Die strukturellen Herausforderungen waren für den Betrieb die größere Belastung: Die langsamen Verfahren der Behörden, die mangelnde und unzuverlässige Information in den Ämtern sowohl beim Arbeitsamt als auch seitens der Staatsregierung schienen kaum zu überwinden. „Für einen Betrieb ist fehlende Planungssicherheit eine Katastrophe“, sagt der technische Leiter der Sandstrahlerei Bräuer. „Ohne die Unterstützung ehrenamtlicher Institutionen wie dem Helferkreis wären wir nicht weitergekommen“, bedauert Bräuer.

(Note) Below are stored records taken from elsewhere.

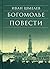 Bogomole. Povesti. 8-e izd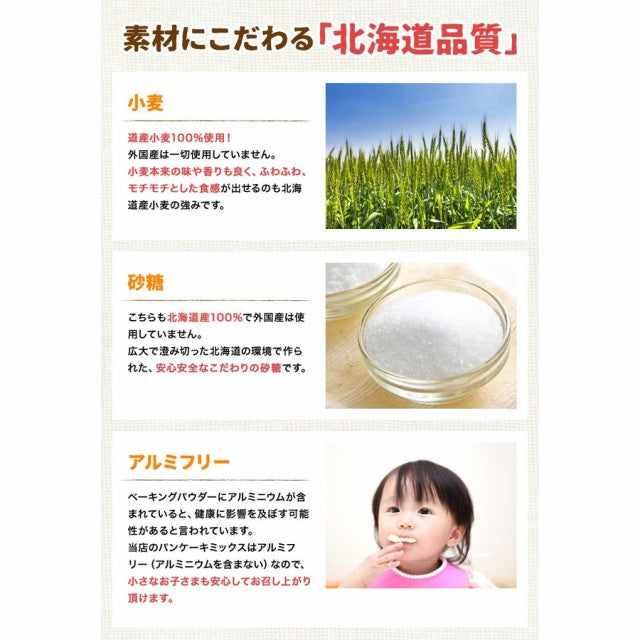 北海道パンケーキミックス 200g×3袋 特製ソース3種付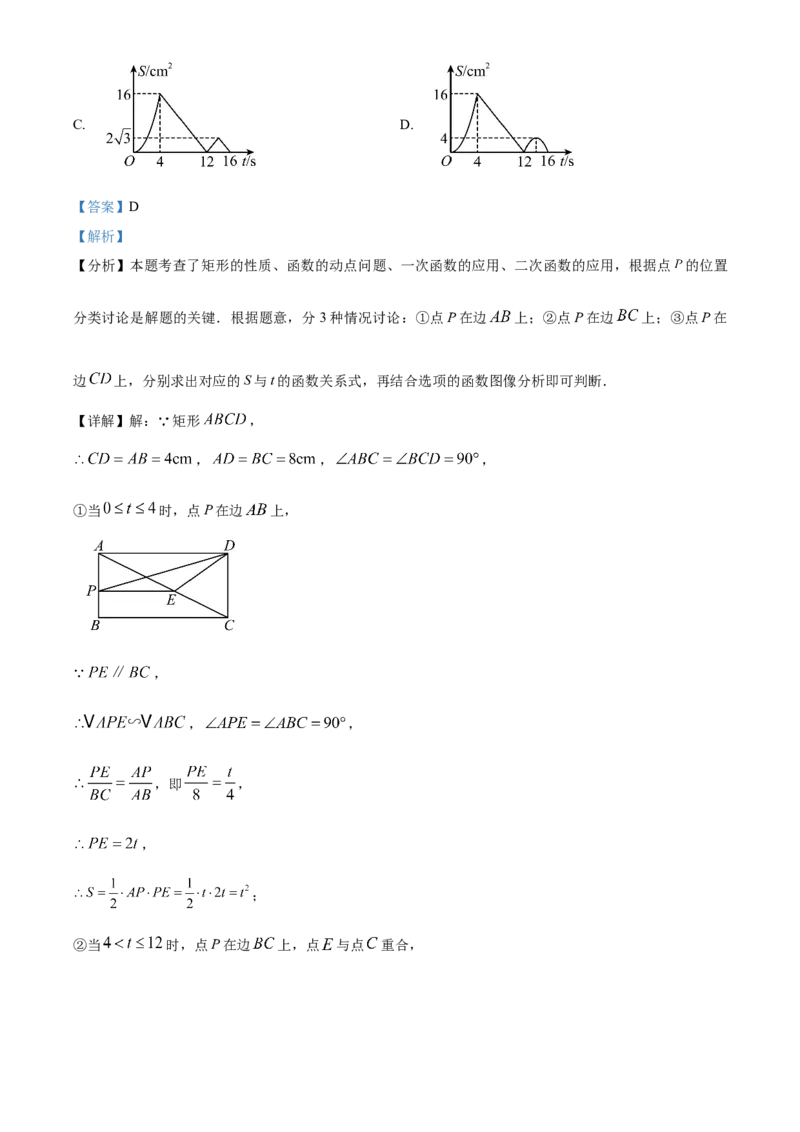 精品解析：2025年安徽省淮北市定准卷三模数学试题（解析版）_2025年安徽省中考模拟试卷数学_2025年安徽数学三模卷68份_精品解析：2025年安徽省淮北市定准卷三模数学试题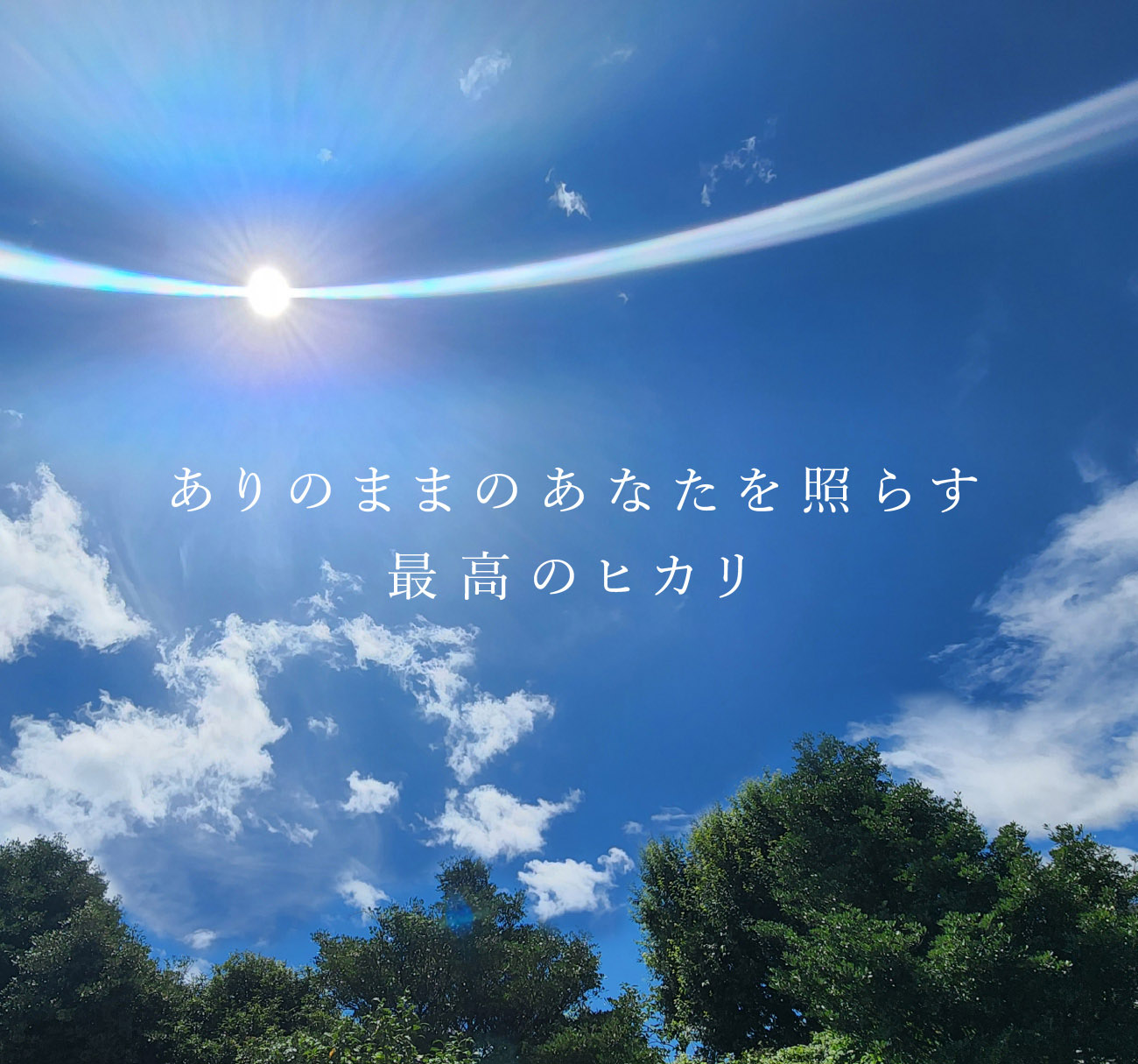 記憶のヒーリング(トラウマ・PTSD・うつ) 遠隔ヒーリング-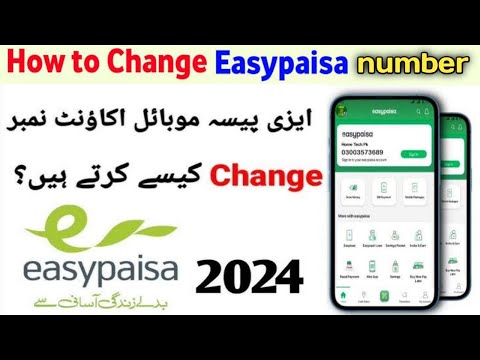 How to Change Your Easypasia Mobile Account Number | Easypaisa Account ka Number kaise Change kare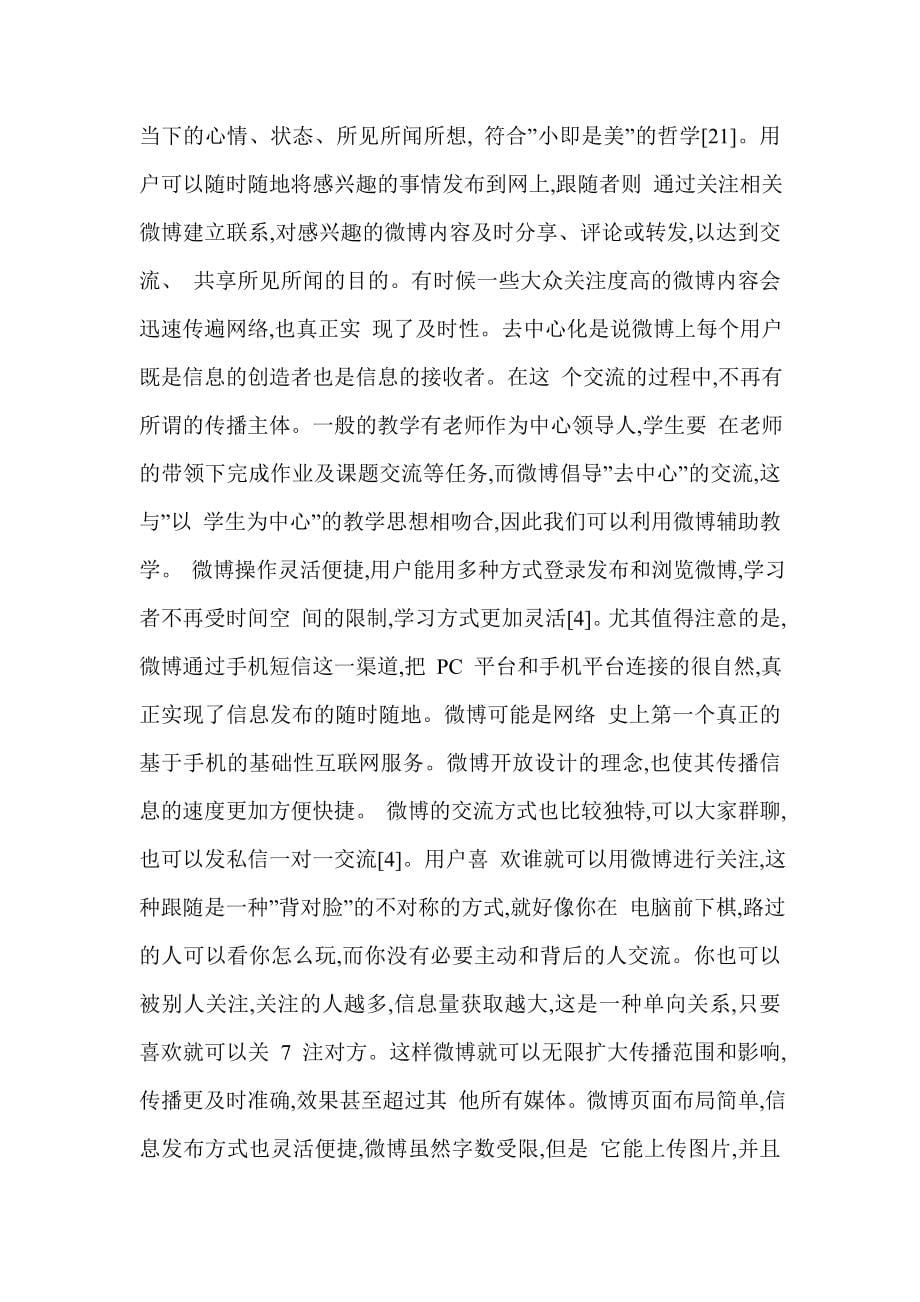 浅谈中职网页设计与制作课程教学方法.doc_第5页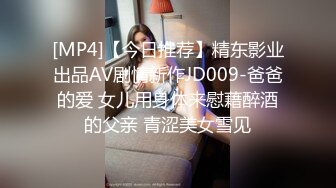 [MP4/550M]11/22最新 身材超棒的小妞被两大哥蹂躏抽插干到冒白浆快哭了VIP1196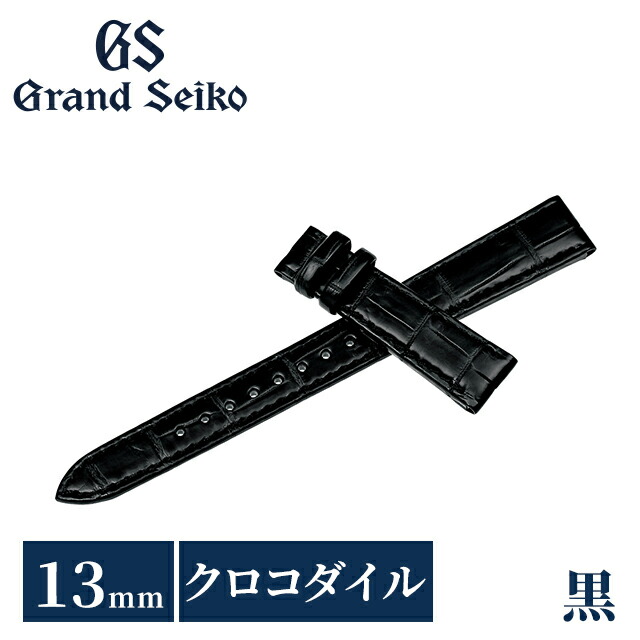 グランドセイコー 公式 純正 時計ベルト 13mm 替えベルト ブランド レディース Grand Seiko RG03W13BK ブラック 黒|Infinitown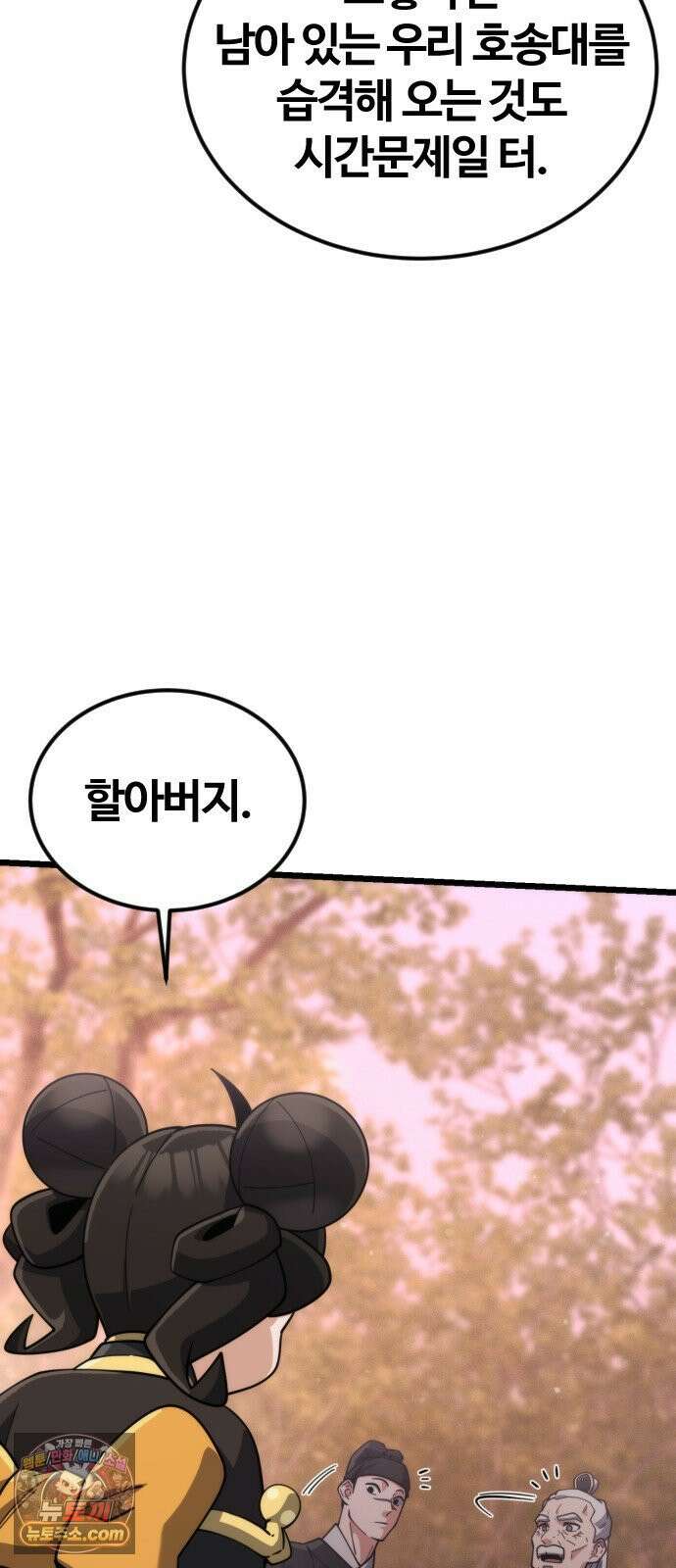 천재소녀가무림공적을숨김 31화 31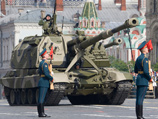 Россия якобы поставит в Ирак по два-три дивизиона реактивных систем залпового огня "Град", столько же 152-миллиметровых гаубиц "Мста-Б" и значительное число минометов 2Б11 и 2Б14 Россия якобы поставит в Ирак по два-три дивизиона реактивных систем залпового огня "Град", столько же 152-миллиметровых гаубиц "Мста-Б" и значительное число минометов 2Б11 и 2Б14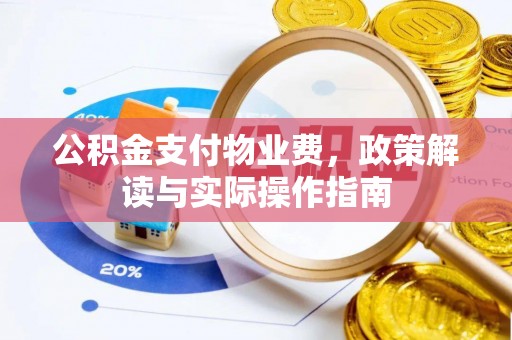 荣县公积金支付物业费，政策解读与实际操作指南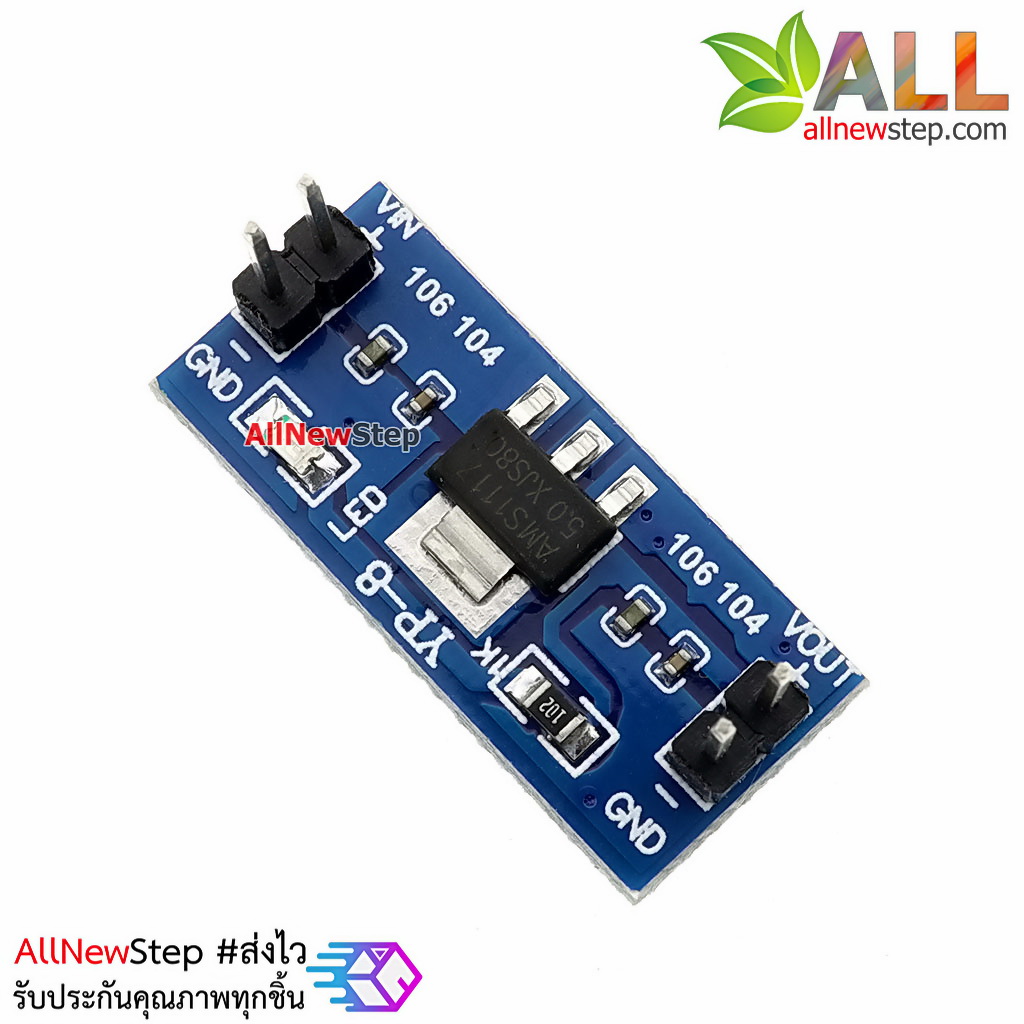 5V power supply module / AMS1117-5.0 AMS1117-5.0V power supply module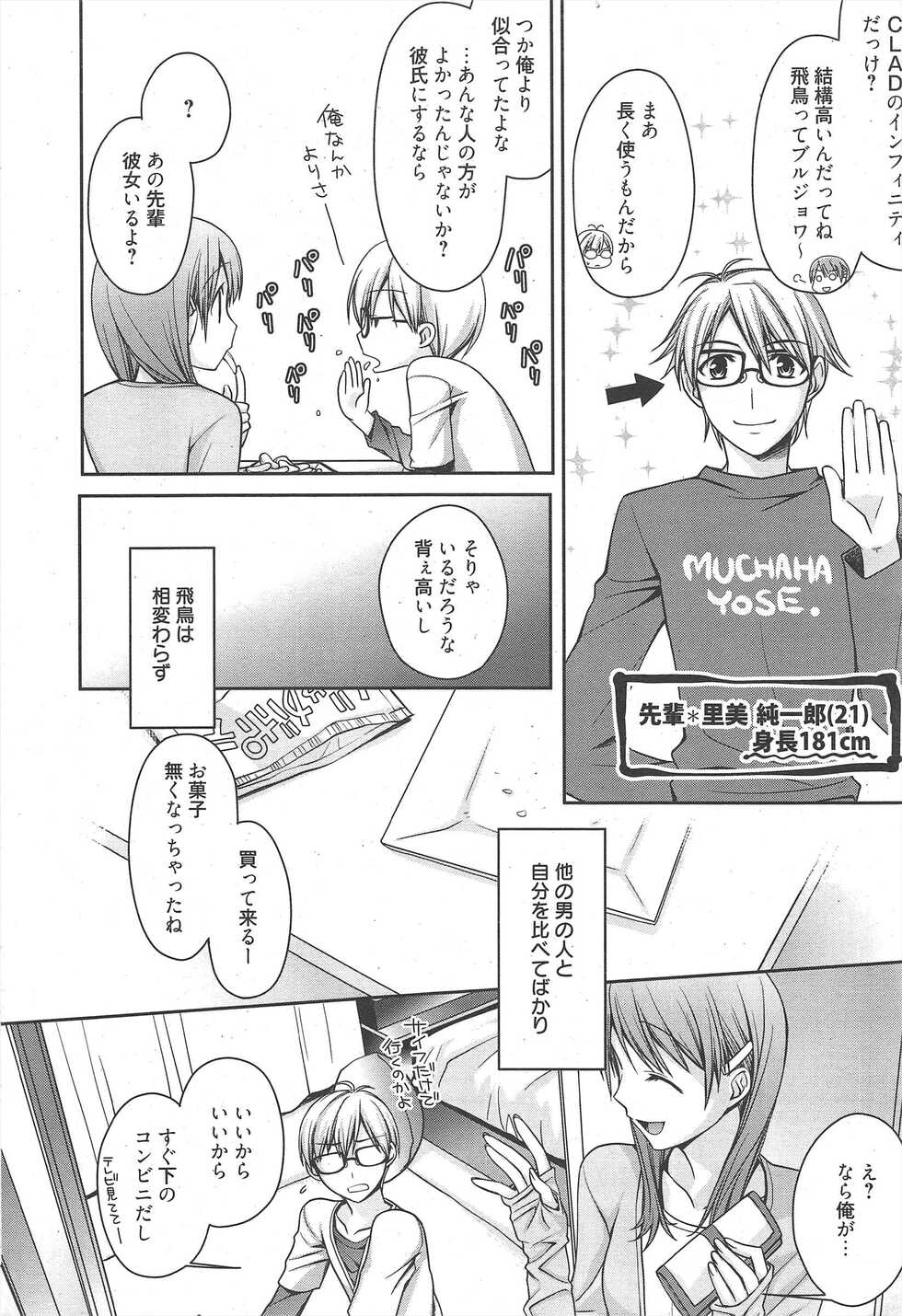 Manga Bangaichi 2010-12 - Page 24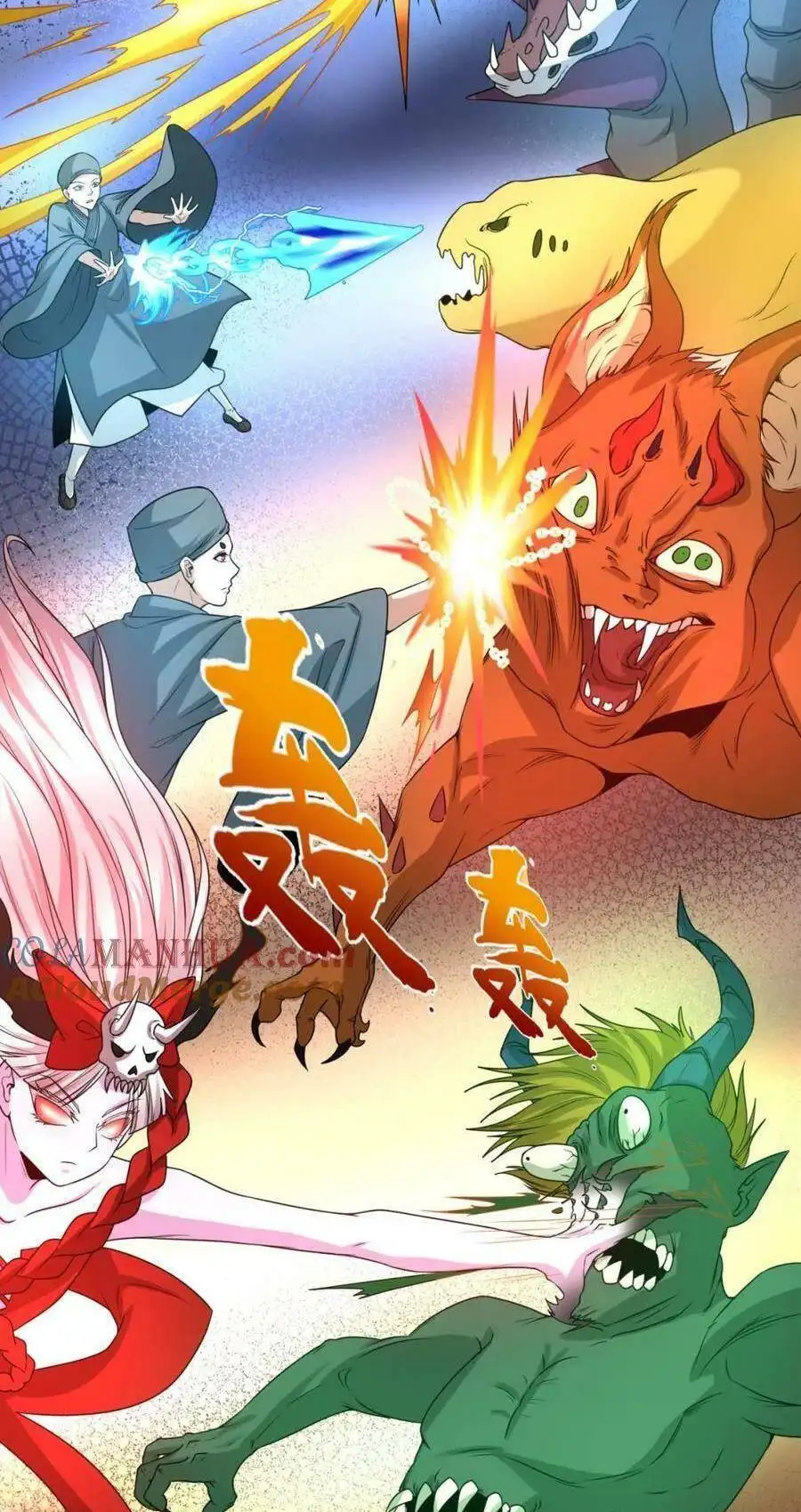 Truyện Tranh Kỷ Nguyên Kỳ Lạ trang 6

Eine weitere Herausforderung war die Suche einer Unterkunft für seine Mitarbeiter. Nachdem die beiden Flüchtlinge in einem Angestelltenverhältnis waren, verloren sie das Bleiberecht in ihrer alten Unterkunft. „Beide hatten auf einmal kein Dach mehr über dem Kopf. Zufällig fand ich heraus, dass sie mehrere Tage um die Weihnachtszeit unter einer Brücke schliefen, weil sie keine Wohnung bekamen. Dann haben wir sofort gemeinsam eine Bleibe gesucht. Was aber nicht so einfach war. Wenn ein Vermieter die Wahl hat zwischen beispielsweise einem Referendar im Lehramt und einem Flüchtling, entscheidet er sich immer gegen den Flüchtling. Erst über persönliche Kontakte und der Versicherung, dass beide bei mir angestellt bleiben, konnten wir eine Wohnung finden.“
Betriebe brauchen schnelle und verlässliche Verfahren
„Damit die Integration von Flüchtlingen in den Arbeitsmarkt funktioniert, müssen die Behörden die Unternehmen bei der Bewältigung der Herausforderungen unterstützen“, so das Fazit des Münchner Bauforums. Für die integrative Arbeit, die die Betriebe leisten, brauchen die Unternehmen schnelle, verlässliche und unbürokratische Verfahren. Die Betriebe und Flüchtlinge brauchen weiterhin Unterstützung bei der Erlernung der deutschen Sprache und bei der Suche nach einer geeigneten Unterkunft. Der Prozess der Integration darf nicht allein auf den Schultern ehrenamtlicher Institutionen oder betrieblicher Anstrengung beruhen. „Wenn der organisatorische Part gelingt, ist die Integration der Flüchtlinge in den Arbeitsmarkt ein großer Gewinn für die Flüchtlinge, die Betriebe und die Gesellschaft im Ganzen.“, so Andreas Bräuer.
Was macht das Bauforum?
Seit fünf Jahren bündelt der Verein Münchner Bauforum Experten aus jeder Branche rund um den Bau als kompetente Ansprechpartner unter einem Dach. Der Verein dient dabei der Privatperson als Vermittler von qualifizierten Handwerksbetrieben, kompetenten Planern und zuverlässigen Dienstleistern bei Bauleistungen. Das Münchner Bauforum ist jedoch nicht nur ein außergewöhnliches Netzwerk an unterschiedlichen Unternehmen. Die Mitglieder befassen sich auch mit aktuellen Themen und Problematiken, wie beispielsweise aktuell mit der Integration von Flüchtlingen.